◆ Given entries
━━━

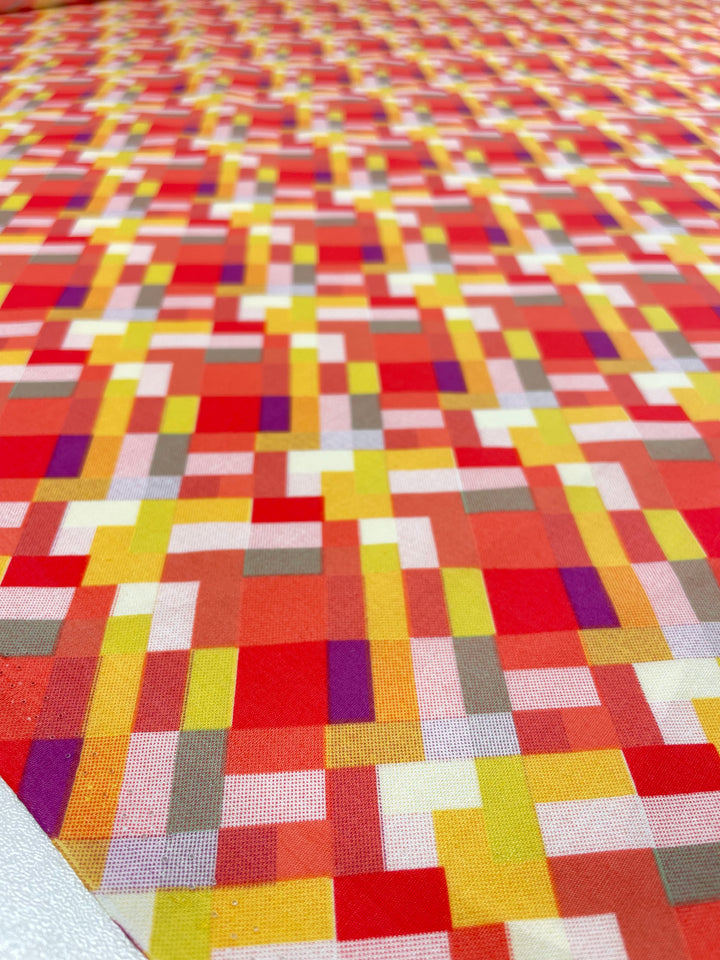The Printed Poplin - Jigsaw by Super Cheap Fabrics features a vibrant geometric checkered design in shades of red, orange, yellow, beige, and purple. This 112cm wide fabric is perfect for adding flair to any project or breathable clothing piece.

━━━

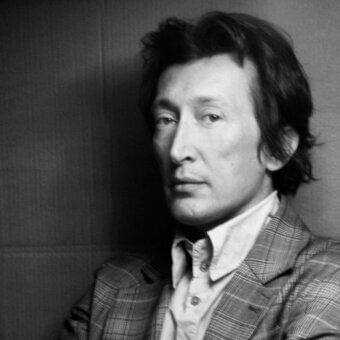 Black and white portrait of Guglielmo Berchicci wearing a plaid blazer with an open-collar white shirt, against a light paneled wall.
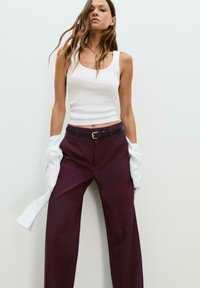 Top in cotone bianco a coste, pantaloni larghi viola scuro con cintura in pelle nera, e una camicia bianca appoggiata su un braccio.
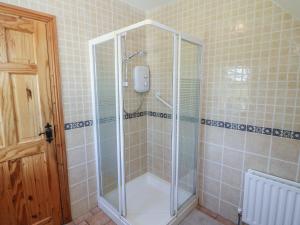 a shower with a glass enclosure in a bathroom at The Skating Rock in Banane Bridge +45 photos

━━━

◆ What to work on
In the listing above, find the line with "Top in cotone" and the line with "a shower with". Copy both of them and every line between, exactly, but not the pictures.

◆ Final answer
 Top in cotone bianco a coste, pantaloni larghi viola scuro con cintura in pelle nera, e una camicia bianca appoggiata su un braccio.
 a shower with a glass enclosure in a bathroom at The Skating Rock in Banane Bridge +45 photos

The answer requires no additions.